_Task to carry out_
Leaving out all pictures, repeat exactly the lines from the one that holds "スーパーコピー ロエベ サングラス" to the last line of the entries below.

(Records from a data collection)
• • • • • • •
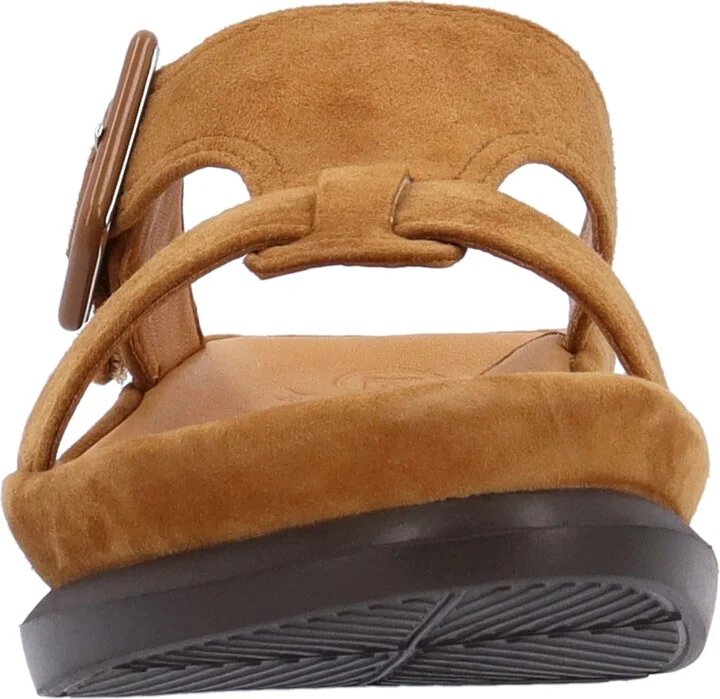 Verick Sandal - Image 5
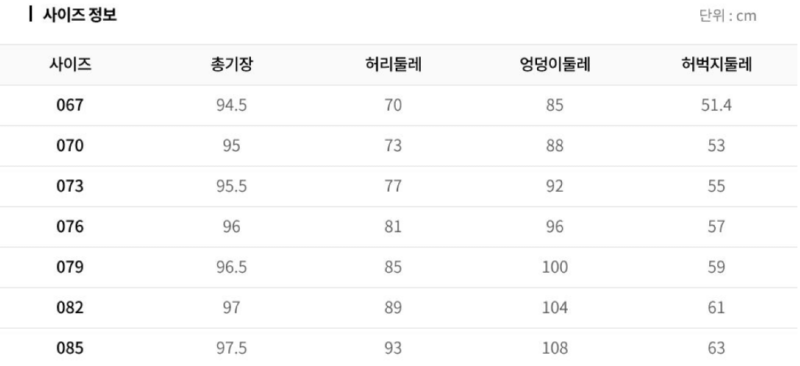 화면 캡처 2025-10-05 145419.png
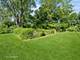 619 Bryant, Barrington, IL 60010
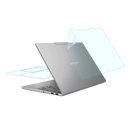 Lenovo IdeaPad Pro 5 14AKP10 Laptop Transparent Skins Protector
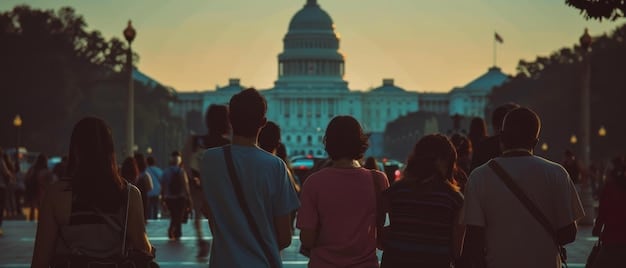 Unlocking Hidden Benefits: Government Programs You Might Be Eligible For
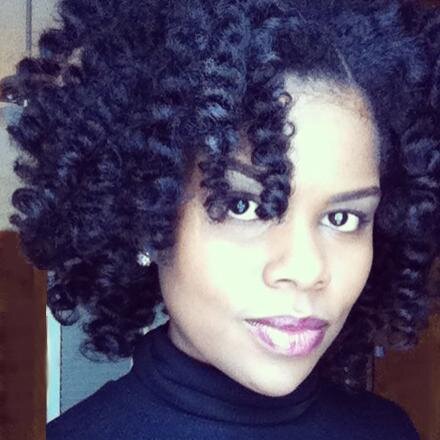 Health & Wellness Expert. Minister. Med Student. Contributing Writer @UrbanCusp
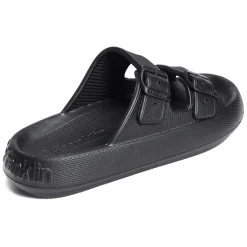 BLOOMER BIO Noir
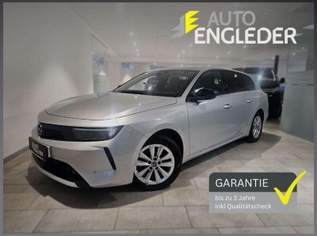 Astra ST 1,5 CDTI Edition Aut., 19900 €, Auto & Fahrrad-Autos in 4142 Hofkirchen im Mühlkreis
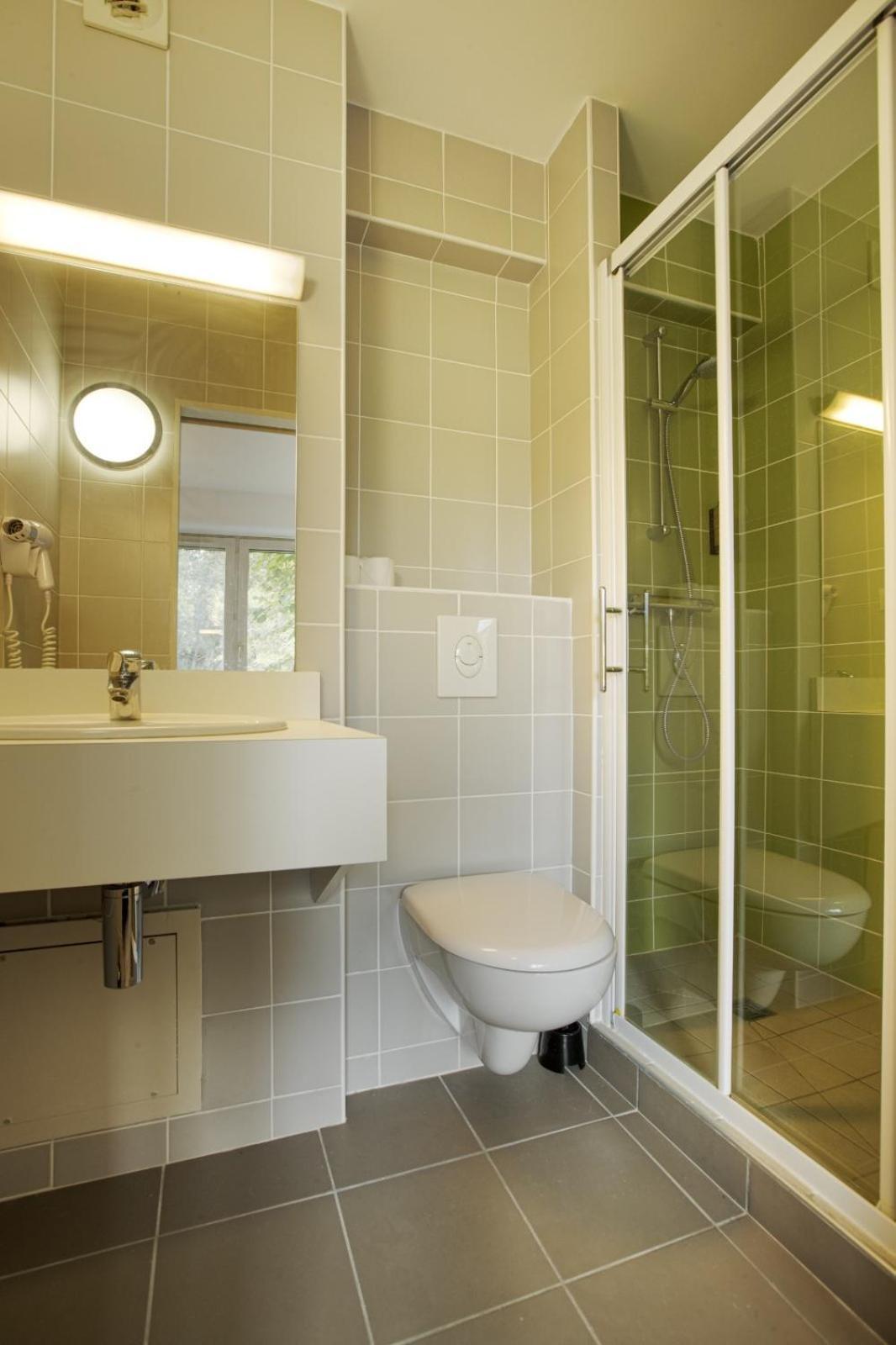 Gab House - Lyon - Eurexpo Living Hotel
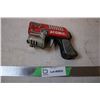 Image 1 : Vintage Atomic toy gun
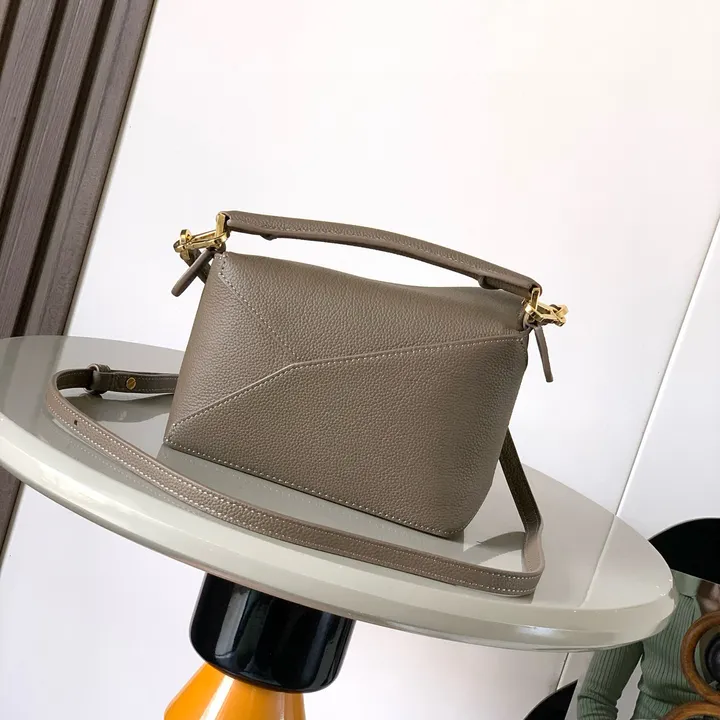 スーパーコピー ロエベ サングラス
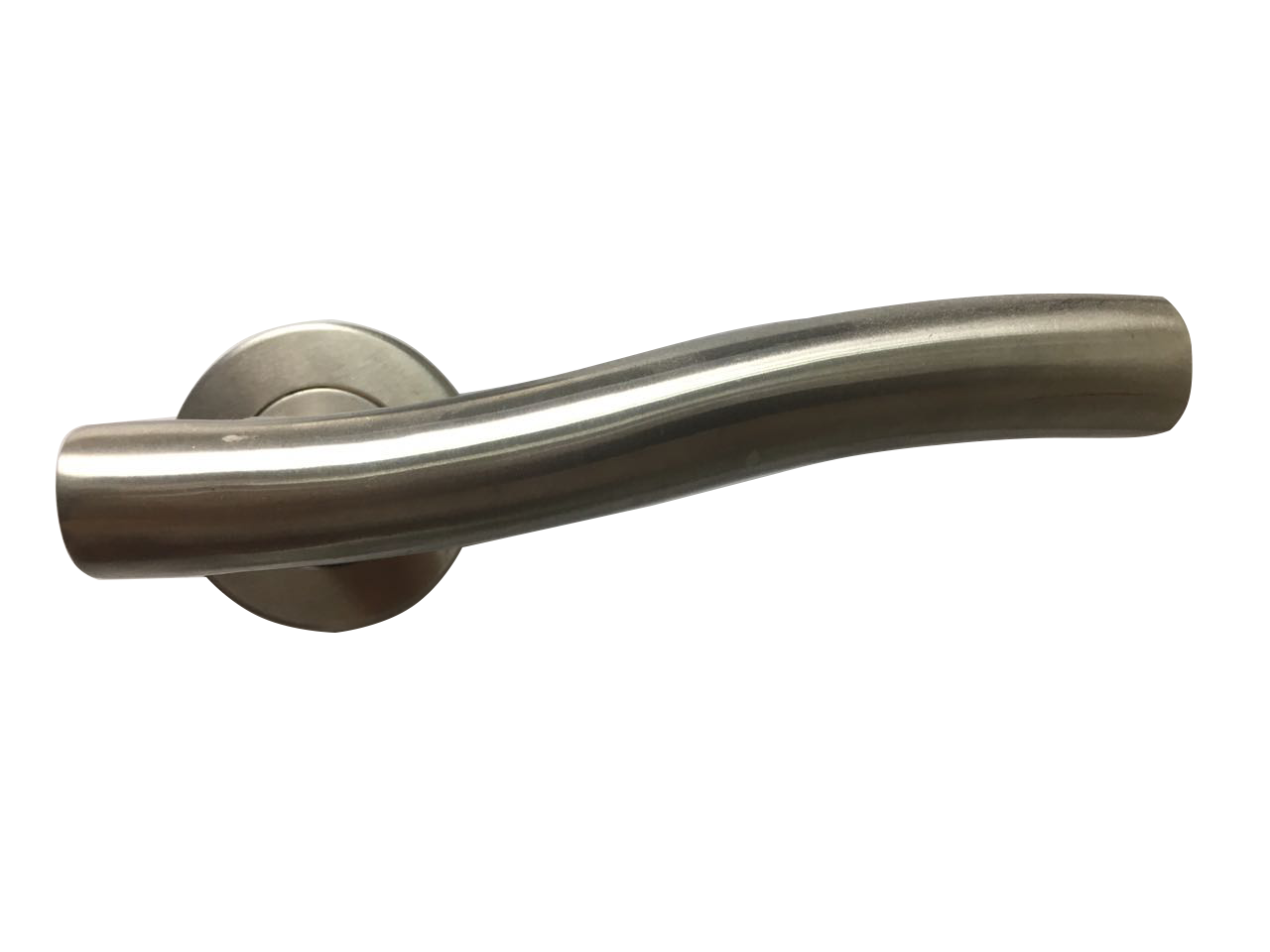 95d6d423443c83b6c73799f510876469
• • • • • • •
_Answer space_
 スーパーコピー ロエベ サングラス
 95d6d423443c83b6c73799f510876469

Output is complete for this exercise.